**Assignment:** For the records below, print the lines from the line with "Battle of Nanba" through the line with "GIANNI VERSACE Vintage" exactly as written; include both end lines and exclude the rest.

++++++++++++++++++++

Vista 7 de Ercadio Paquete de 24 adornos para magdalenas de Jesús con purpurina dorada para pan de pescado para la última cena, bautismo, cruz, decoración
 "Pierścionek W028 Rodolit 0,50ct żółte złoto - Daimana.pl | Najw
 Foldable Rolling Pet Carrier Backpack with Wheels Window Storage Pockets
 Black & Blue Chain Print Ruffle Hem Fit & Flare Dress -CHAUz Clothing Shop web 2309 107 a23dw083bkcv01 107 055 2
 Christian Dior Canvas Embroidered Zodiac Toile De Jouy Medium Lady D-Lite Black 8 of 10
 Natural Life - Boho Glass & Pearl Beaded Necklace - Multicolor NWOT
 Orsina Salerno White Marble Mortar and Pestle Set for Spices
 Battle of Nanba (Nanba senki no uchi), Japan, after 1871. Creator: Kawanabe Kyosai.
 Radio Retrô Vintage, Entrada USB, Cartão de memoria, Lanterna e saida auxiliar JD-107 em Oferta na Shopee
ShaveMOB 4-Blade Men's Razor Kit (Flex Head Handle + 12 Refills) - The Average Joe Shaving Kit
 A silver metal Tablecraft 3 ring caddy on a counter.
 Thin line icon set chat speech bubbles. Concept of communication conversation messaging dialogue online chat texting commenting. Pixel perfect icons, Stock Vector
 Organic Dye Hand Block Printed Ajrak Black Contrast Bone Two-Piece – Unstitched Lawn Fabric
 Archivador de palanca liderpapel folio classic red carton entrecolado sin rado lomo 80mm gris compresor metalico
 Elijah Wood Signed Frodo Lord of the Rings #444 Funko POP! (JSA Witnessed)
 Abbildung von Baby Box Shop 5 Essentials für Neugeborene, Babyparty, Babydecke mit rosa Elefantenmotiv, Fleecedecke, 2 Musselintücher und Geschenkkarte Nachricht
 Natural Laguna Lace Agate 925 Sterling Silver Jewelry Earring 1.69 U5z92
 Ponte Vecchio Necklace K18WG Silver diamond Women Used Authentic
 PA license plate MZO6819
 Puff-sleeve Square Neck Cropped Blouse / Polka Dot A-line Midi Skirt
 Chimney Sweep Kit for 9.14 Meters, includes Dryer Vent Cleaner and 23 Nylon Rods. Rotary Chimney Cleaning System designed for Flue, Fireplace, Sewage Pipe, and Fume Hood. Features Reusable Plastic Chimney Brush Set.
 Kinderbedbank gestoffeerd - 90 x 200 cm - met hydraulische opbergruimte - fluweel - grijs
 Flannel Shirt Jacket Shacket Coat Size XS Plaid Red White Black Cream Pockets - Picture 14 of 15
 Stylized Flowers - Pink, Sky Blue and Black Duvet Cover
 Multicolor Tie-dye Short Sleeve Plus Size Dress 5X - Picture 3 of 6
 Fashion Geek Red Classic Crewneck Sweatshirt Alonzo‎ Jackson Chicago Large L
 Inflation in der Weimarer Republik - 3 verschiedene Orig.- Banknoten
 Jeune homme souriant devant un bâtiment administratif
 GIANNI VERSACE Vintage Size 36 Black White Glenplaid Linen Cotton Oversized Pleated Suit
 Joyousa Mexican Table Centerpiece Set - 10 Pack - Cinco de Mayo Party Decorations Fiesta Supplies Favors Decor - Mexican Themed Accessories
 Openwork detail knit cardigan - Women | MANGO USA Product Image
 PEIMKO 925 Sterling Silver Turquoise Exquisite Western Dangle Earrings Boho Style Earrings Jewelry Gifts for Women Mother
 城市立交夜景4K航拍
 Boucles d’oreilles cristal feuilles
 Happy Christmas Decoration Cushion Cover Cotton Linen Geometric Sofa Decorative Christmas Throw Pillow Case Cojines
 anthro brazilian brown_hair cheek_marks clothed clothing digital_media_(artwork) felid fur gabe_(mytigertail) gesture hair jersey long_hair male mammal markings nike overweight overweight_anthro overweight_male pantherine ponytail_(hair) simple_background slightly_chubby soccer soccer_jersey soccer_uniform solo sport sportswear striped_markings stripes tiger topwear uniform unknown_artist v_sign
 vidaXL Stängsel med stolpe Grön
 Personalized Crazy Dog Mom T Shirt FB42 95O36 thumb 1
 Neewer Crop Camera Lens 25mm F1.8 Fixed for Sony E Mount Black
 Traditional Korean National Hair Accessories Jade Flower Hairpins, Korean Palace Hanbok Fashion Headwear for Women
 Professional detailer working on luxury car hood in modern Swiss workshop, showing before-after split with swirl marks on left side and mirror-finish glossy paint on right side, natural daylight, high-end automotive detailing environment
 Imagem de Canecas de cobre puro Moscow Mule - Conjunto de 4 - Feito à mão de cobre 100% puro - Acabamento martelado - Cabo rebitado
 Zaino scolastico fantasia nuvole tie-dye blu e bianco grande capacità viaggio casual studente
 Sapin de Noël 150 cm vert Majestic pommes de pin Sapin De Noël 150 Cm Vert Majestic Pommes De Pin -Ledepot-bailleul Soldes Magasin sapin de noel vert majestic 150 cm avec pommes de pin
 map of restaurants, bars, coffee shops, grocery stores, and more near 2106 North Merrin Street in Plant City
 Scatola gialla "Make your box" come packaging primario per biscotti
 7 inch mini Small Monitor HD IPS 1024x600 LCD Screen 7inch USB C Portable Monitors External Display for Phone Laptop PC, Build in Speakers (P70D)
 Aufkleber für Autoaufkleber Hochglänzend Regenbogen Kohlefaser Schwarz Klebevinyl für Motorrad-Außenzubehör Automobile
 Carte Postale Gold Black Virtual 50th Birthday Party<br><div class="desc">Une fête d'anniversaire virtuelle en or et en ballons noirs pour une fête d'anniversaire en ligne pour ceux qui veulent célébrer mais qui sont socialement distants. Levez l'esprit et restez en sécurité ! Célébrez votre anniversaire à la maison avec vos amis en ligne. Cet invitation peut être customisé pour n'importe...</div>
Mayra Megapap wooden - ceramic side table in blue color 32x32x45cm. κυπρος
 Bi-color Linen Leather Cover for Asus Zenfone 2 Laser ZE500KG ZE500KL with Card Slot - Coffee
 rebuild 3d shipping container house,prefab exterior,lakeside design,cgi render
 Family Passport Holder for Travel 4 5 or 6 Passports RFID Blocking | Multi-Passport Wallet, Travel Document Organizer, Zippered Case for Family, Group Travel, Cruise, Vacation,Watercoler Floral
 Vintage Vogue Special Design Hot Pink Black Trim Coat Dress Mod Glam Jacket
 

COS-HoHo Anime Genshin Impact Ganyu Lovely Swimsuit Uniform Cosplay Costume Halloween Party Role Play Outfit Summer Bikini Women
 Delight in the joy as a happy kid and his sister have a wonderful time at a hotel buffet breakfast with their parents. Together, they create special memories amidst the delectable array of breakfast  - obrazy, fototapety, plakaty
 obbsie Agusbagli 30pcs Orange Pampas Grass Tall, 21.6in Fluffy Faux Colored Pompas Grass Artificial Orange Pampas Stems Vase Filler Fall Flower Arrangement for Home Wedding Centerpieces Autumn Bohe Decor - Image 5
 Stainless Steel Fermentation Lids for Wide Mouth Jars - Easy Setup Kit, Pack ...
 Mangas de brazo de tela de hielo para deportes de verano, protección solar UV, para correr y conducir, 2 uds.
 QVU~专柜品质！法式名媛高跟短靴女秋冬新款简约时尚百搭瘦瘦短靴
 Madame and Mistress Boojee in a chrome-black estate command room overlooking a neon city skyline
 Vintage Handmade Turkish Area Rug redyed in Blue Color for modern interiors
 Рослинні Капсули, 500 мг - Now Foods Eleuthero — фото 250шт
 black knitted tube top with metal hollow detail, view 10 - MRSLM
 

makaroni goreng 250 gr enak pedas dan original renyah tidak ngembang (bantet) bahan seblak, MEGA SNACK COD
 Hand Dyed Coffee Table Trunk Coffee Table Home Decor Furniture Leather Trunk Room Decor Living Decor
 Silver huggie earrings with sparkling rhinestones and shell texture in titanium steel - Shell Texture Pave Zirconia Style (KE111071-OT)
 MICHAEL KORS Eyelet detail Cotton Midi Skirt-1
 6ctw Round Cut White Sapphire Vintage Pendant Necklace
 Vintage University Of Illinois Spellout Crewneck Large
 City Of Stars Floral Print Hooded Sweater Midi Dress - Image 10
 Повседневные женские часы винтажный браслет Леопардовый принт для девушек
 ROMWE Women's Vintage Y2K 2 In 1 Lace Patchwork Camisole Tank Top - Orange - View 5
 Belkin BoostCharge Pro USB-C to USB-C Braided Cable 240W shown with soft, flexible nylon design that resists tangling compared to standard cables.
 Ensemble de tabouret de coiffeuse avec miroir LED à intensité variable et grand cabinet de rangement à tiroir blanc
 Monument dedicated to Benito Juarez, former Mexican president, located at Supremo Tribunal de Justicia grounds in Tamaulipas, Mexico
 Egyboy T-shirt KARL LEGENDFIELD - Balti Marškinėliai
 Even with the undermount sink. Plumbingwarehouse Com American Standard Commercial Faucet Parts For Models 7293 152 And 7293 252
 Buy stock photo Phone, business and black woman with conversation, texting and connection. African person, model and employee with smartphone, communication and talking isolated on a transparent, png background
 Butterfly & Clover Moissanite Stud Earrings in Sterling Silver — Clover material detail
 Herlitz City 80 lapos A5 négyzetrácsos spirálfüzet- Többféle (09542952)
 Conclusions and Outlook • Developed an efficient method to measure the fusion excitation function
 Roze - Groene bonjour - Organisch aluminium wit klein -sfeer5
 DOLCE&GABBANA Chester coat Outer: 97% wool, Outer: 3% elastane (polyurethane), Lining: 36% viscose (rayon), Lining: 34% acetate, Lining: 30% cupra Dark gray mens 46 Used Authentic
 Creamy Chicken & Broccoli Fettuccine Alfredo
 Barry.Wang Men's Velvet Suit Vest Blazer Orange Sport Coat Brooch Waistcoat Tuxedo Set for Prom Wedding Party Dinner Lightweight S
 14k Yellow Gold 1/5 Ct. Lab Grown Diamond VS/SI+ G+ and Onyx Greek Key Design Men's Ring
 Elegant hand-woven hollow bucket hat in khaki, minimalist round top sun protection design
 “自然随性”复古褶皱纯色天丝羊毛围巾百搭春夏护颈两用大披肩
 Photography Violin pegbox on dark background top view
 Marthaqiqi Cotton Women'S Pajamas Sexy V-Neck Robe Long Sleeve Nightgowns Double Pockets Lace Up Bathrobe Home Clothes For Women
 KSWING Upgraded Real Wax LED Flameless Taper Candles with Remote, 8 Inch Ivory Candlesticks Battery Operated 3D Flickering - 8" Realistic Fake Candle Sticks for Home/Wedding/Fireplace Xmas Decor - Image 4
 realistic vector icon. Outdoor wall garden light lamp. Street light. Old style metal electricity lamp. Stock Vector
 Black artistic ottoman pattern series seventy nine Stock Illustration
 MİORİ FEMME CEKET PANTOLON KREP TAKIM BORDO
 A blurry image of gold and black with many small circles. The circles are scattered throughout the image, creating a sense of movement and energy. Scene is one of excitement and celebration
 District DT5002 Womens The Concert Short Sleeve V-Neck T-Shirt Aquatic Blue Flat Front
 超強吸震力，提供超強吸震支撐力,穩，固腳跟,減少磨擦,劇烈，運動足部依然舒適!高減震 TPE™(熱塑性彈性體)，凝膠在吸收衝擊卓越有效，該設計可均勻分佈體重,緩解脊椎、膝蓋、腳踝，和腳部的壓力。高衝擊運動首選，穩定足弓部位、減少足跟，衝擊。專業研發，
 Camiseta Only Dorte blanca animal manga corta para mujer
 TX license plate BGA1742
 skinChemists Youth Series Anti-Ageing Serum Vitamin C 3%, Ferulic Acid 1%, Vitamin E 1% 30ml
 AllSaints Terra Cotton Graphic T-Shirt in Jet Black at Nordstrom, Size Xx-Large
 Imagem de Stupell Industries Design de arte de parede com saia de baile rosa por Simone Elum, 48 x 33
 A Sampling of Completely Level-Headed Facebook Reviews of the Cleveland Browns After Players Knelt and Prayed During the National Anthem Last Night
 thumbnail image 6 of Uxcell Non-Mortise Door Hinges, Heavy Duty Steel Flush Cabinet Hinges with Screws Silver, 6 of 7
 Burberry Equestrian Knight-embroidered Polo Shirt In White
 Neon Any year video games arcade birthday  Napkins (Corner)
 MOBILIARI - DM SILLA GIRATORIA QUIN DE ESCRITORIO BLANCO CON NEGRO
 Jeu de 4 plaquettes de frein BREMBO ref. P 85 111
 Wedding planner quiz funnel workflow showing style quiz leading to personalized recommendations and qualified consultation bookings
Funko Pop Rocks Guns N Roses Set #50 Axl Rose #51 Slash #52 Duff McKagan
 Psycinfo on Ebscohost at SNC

++++++++++++++++++++

**Task answer:**
 Battle of Nanba (Nanba senki no uchi), Japan, after 1871. Creator: Kawanabe Kyosai.
 Radio Retrô Vintage, Entrada USB, Cartão de memoria, Lanterna e saida auxiliar JD-107 em Oferta na Shopee
ShaveMOB 4-Blade Men's Razor Kit (Flex Head Handle + 12 Refills) - The Average Joe Shaving Kit
 A silver metal Tablecraft 3 ring caddy on a counter.
 Thin line icon set chat speech bubbles. Concept of communication conversation messaging dialogue online chat texting commenting. Pixel perfect icons, Stock Vector
 Organic Dye Hand Block Printed Ajrak Black Contrast Bone Two-Piece – Unstitched Lawn Fabric
 Archivador de palanca liderpapel folio classic red carton entrecolado sin rado lomo 80mm gris compresor metalico
 Elijah Wood Signed Frodo Lord of the Rings #444 Funko POP! (JSA Witnessed)
 Abbildung von Baby Box Shop 5 Essentials für Neugeborene, Babyparty, Babydecke mit rosa Elefantenmotiv, Fleecedecke, 2 Musselintücher und Geschenkkarte Nachricht
 Natural Laguna Lace Agate 925 Sterling Silver Jewelry Earring 1.69 U5z92
 Ponte Vecchio Necklace K18WG Silver diamond Women Used Authentic
 PA license plate MZO6819
 Puff-sleeve Square Neck Cropped Blouse / Polka Dot A-line Midi Skirt
 Chimney Sweep Kit for 9.14 Meters, includes Dryer Vent Cleaner and 23 Nylon Rods. Rotary Chimney Cleaning System designed for Flue, Fireplace, Sewage Pipe, and Fume Hood. Features Reusable Plastic Chimney Brush Set.
 Kinderbedbank gestoffeerd - 90 x 200 cm - met hydraulische opbergruimte - fluweel - grijs
 Flannel Shirt Jacket Shacket Coat Size XS Plaid Red White Black Cream Pockets - Picture 14 of 15
 Stylized Flowers - Pink, Sky Blue and Black Duvet Cover
 Multicolor Tie-dye Short Sleeve Plus Size Dress 5X - Picture 3 of 6
 Fashion Geek Red Classic Crewneck Sweatshirt Alonzo‎ Jackson Chicago Large L
 Inflation in der Weimarer Republik - 3 verschiedene Orig.- Banknoten
 Jeune homme souriant devant un bâtiment administratif
 GIANNI VERSACE Vintage Size 36 Black White Glenplaid Linen Cotton Oversized Pleated Suit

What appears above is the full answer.